There’s something wonderfully unremarkable about being able to buy your child a new outfit. Or some new shoes, or a school bag, or something that they’ve spotted, that’s triggered that desperate, wided-eyed joy, that you just know would be… blissful. It’s unremarkable because it’s supposed to be the norm, isn’t it? That we buy the new t-shirt, or replace the shoes. That we have a little holiday and pepper their childhood with happy memories. It’s what we do as parents. What happens when you can’t, then?

I am a mum to a ten-year-old daughter. I work hard – always have – right now for a charity based just outside of Brighton. It’s a decent wage; well above the national average. I’m single. And, since being rolled over to Universal Credit, I’m also in debt and often struggling.

When I first moved over to Universal Credit from the Working Tax Credits system which was working perfectly well for me, things weren’t so bad. I was only working during school hours but I wanted more hours – I wanted to provide more for my family, perhaps even book a little break away for us both. So I sought out another job, a full time role, thinking that I would be better off. I quickly realized that wasn’t going to be possible.

Because, on Universal Credit, childcare is suddenly quite unworkable. Whereas on Working Tax Credits, the money you are entitled to was paid in advance. On that system, when you have an invoice or when you know that you are going to require childcare, or you have a bill, the money can go more or less direct from the government to the childcare provider. With Universal Credit you have to pay the costs first, and prove that you’ve paid it. Then you get some of the money back around one month later. The new process is specific and complicated – for instance, if you must report the cost on the same day that you pay for the childcare – meaning there are many loopholes for people to fall into and forfeit the money they are entitled to.
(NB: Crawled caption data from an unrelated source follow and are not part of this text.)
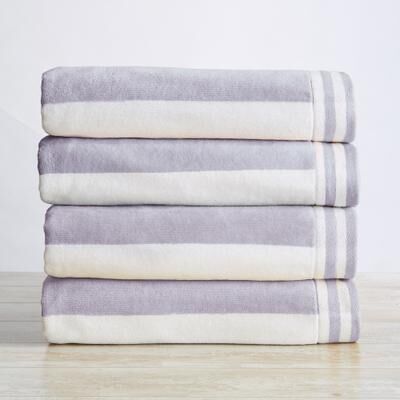 Linery & Co. 100% Cotton Velour Cabana Stripe Beach Towel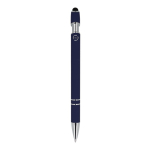 Penna in alluminio riciclato con clip robusta e inchiostro blu color blu scuro quarta vista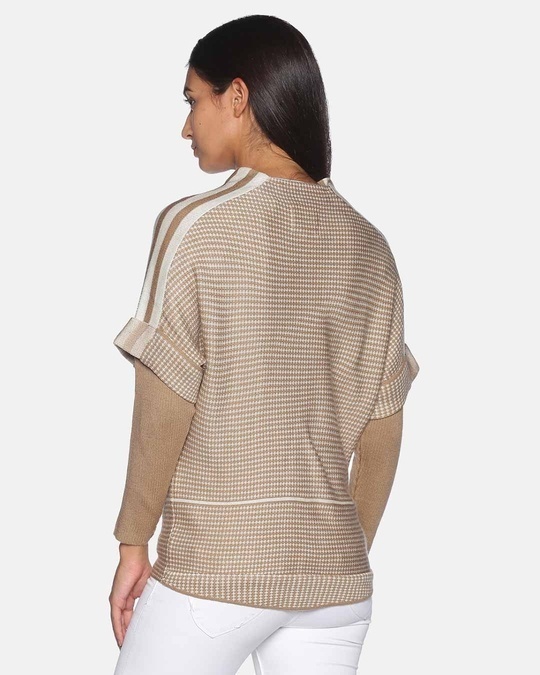 Shop Women's Self Design Golden Brown Stylish Casual Sweaters-Design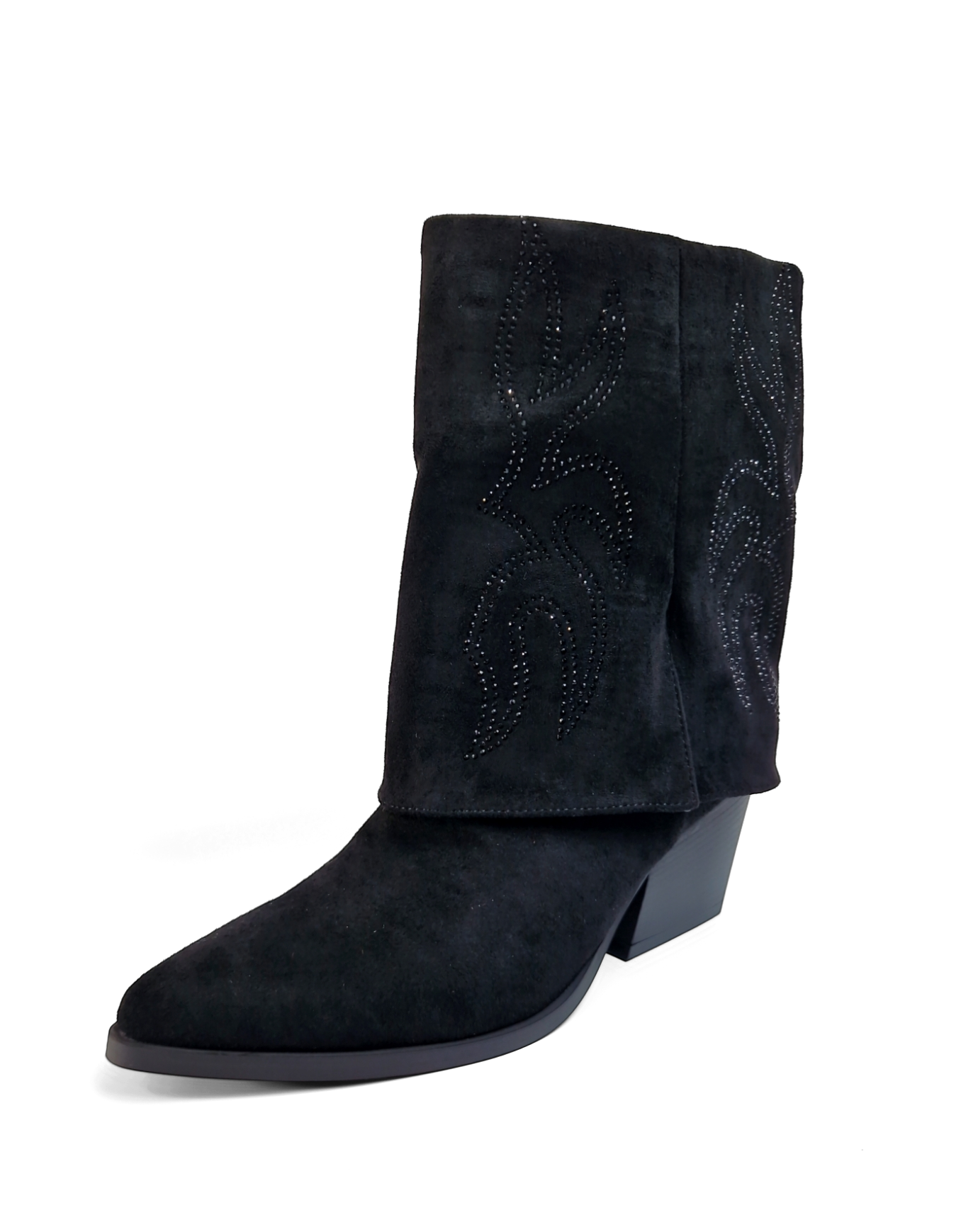 BOTTINES femmes retroussées strass ELISA NOIRE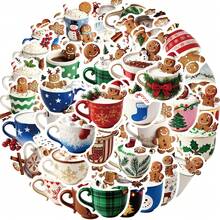 50pcs Cozy Christmas Mug Gingerbread Stickers, Festive Winter Hot Cocoa Decals, Decorative Vinyl Stickers For Water Bottle Scrapbooking - one-size - View 3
I have already tried reducing my hours to reduce childcare costs, and I’ve exhausted my annual leave. And, being suddenly faced with having to find upwards of £1000 per month (during the summer holidays, for example) means that people are getting into debt. People like me are borrowing from family and getting loans – getting payday loans with very high interest costs. In the last six months I’ve had to do this a couple of times for small amounts, just so I can get the basic care my daughter needs and still be able to keep my job. It escalates.
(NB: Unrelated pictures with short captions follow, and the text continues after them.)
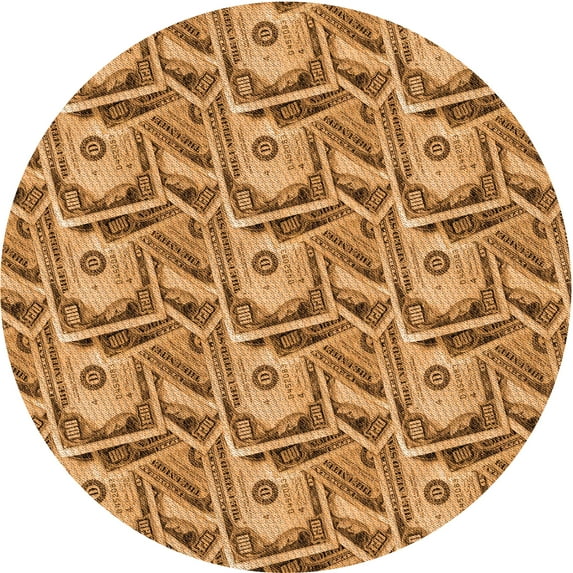 Ahgly Company Indoor Round Patterned Cantaloupe Orange Area Rugs, 8' Round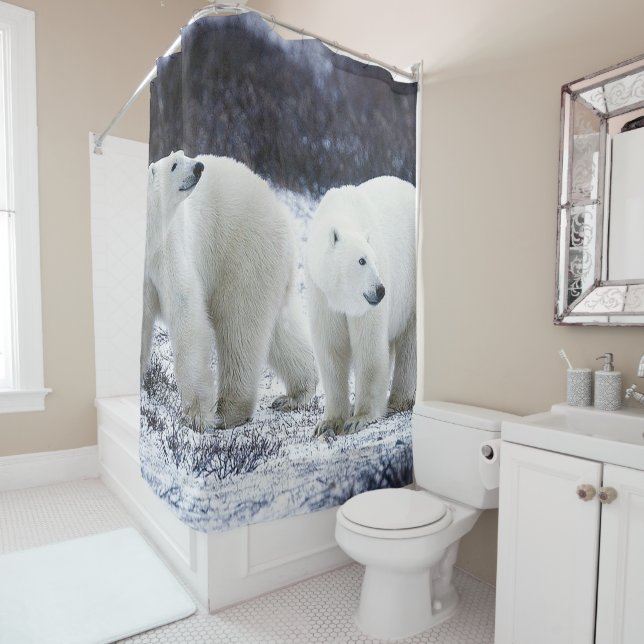 Polar Bears Shower Curtain (In Situ)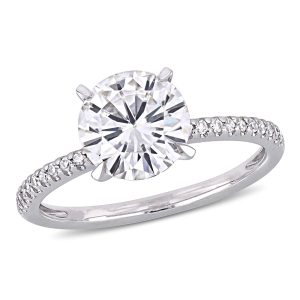 Mimi & Max 2ct DEW 1/10ct TW 14k Verlobungsring – synthetischer Moissanit, Weißgold, Diamant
There is a lot of shame attached to borrowing, especially this type of borrowing. It is not easy to say that you are living in poverty; no one wants to stand up and admit that. We want to be proud, not seen to be struggling. It feels so insecure. You think you have a quick fix but it breeds insecurity: about how you feel about yourself; how you feel about your own ability to provide for your family; how safe everything is around you and what the future looks like. Not knowing if you’ll be able to keep your job. I don’t know if I’ll be able to continue to afford to work.

Parenting is challenging enough as it is. And particularly being a single, working parent. You have to be resilient, doing it all on your own. There is little time or money for pleasure. Even things like being able to buy my daughter her new school uniform as she moves up to secondary school is a worry.

I earn a decent wage and it is hard, so I dread to think what it’s like for families on lower incomes than mine, or on the minimum wage. And the most frustrating thing is that the government could easily help this. We are not asking for extra money, we’d just like the money we’re entitled to, to be accessible when – not after – we need it, at the point we need to pay, to stop the cycle of borrowing and, consequently, debt.

It would make the most enormous difference, not only to my life, but to the lives of so many other working families’ lives in the UK right now. As the summer holidays approach, and more people are moved over to Universal Credit in the next few days, many more people will be feeling this pang of fear. It can’t continue. We don’t want the world. We just want to do the unremarkable.